"Danke, Mama!", ruft mein Sohn voller Überzeugung und mit einem großen Strahlen im Blick. Für einen kurzen Moment weiß ich gar nicht, was ihn jetzt so glücklich macht. Er scheint meinen fragenden Blick zu bemerken und fügt hinzu: "Na, für die Spaghetti." Ach was, das sind doch nur Nudeln, denke ich, aber er isst mit großem Appetit und mir kommt es so vor, als hält die Freude über sein Mittagessen noch den ganzen restlichen Tag an.
Meine Kinder sind mir die besten Lehrmeister zum Thema Dankbarkeit. Von ihnen lerne ich jeden Tag aufs Neue, wie sehr Dankbarkeit die Haltung gegenüber dem Leben beeinflusst. Sie nährt sich aus Akzeptanz, Wertschätzung und tiefer Freude über das, was ist oder war. Dankbar richten sie ihre Aufmerksamkeit auf das, was im Leben gelingt, was ihnen Kraft gibt und sie trägt. Das fängt beim Lieblingsgericht an und zieht sich wie ein roter Faden durch den Alltag. Ihre Dankbarkeit macht sie zu glücklichen und äußerst zufriedenen Menschen.
In meinem Alltag fällt es mir manchmal schwer, für die kleinen und oft selbstverständlichen Dinge dankbar zu sein. Hektik, Herausforderungen oder Schwierigkeiten liegen oft oben auf. Dabei fallen die positiven Momente, für die ich allen Grund habe, dankbar zu sein, nicht sofort ins Gewicht.
Aber ich lerne von meinen Kindern, den kleinen schönen Augenblicken viel mehr Aufmerksamkeit zu schenken: ein herzliches Lachen, eine helfende Hand, ein Lächeln aus der Ferne, Vogelgezwitscher am Morgen, ja auch ein gutes Essen oder Sonnenschein.
Dankbar sein bringt mich zum Nachdenken und zum Staunen. Und diese Spur wiederum führt mich zu Gott, dem Ursprung und Schöpfer des Lebens. Dankbarkeit hat für mich daher auch eine spirituelle Dimension. Leben zu dürfen ist ein Geschenk, das ich aus Gottes Händen annehme.
Wenn ich mir immer wieder bewusst mache, wieviel ich anderen verdanke, werde ich auch dazu bereit sein, meinen Teil beizutragen.
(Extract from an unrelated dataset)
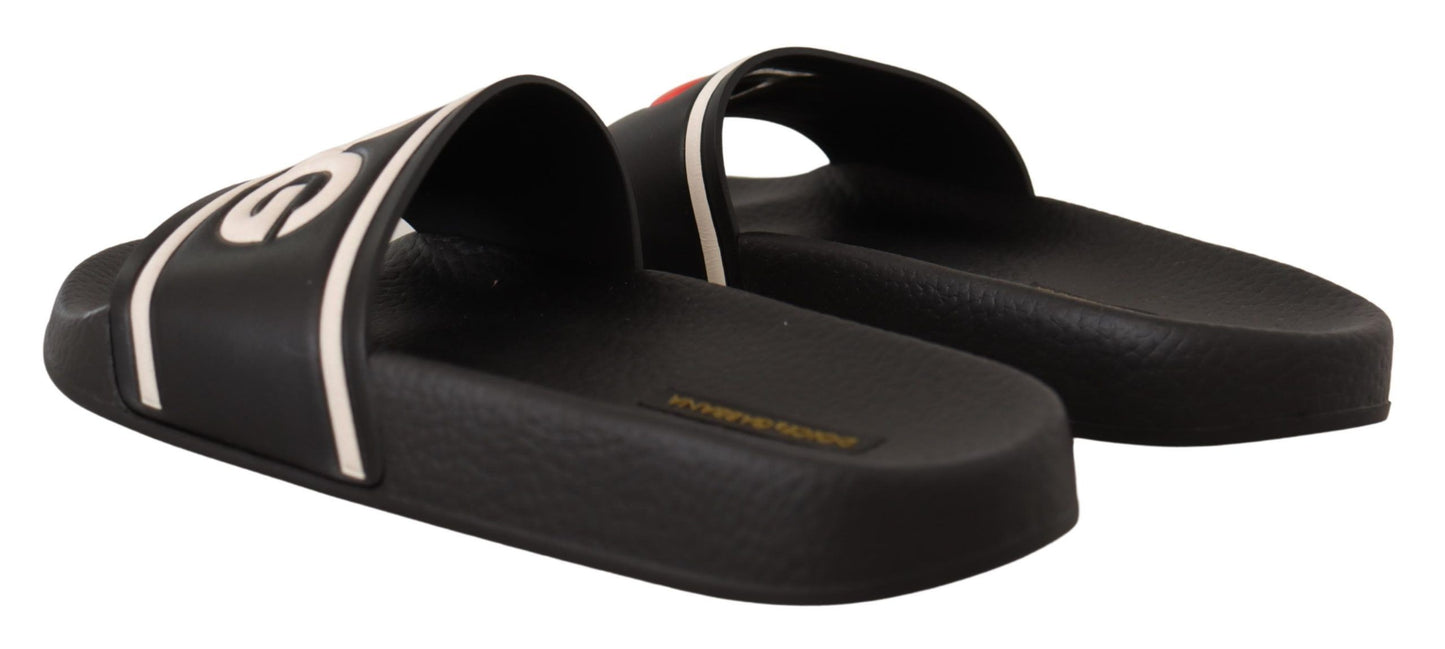Dolce & Gabbana Black Leather I Love D&G Slides Sandals schwarz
Und so entsteht ein Gefühl von Verbundenheit, weil Menschen geben und nehmen. Ich bin überzeugt: Dankbarkeit macht unser Leben reicher. Es ist eine innere Lebenshaltung: Nicht alles für selbstverständlich anzusehen und damit dem heutigen Anspruchsdenken wie ein Medikament entgegenzuwirken. Doch wie gelingt es mir, dankbarer zu werden? Ich glaube, es ist eine Frage der Perspektive. Dankbarkeit sieht nicht andere Dinge sondern sieht Dinge anders. Ich kann das einüben.
In der jesuitischen Tradition gibt es das "Gebet der liebenden Aufmerksamkeit". Es ist ein Tagesrückblick, der dabei hilft, auf den vergangenen Tag zu schauen und Gottes Spuren darin zu entdecken. Ignatius empfiehlt, die zurückliegenden Stunden vor Gott zu bringen und vor ihm einfach zu sein, ohne das Geschehene zu bewerten, ohne sich zu verurteilen oder etwas zu beschönigen. Ich darf versuchen, auf mein Leben zu schauen, wie Gott es tut – mit Liebe und Erbarmen. Solch ein Tagesrückblick bringt mich mit mir selbst in Kontakt und kann helfen, immer mehr in die Grundhaltung der Achtsamkeit, Dankbarkeit, der Versöhnung und des Vertrauens hineinzuwachsen.
Dieses Einüben gibt meinem Leben eine andere Grundstimmung, Grundfarbe und auch Grundmelodie: Es wird positiv, zuversichtlich, hell und fröhlich. Dankbarkeit ist der Generalschlüssel zur Lebensfreude. Ich habe ihn in meiner Hand und kann damit verschlossene Türen öffnen.
Auch ein Teller Spaghetti kann Türen öffnen, das weiß ich jetzt. Ich bin dankbar für die Dankbarkeit meiner Kinder, aber auch für ihren Mittagessenswunsch … denn schließlich sind Spaghetti auch mein Leibgericht.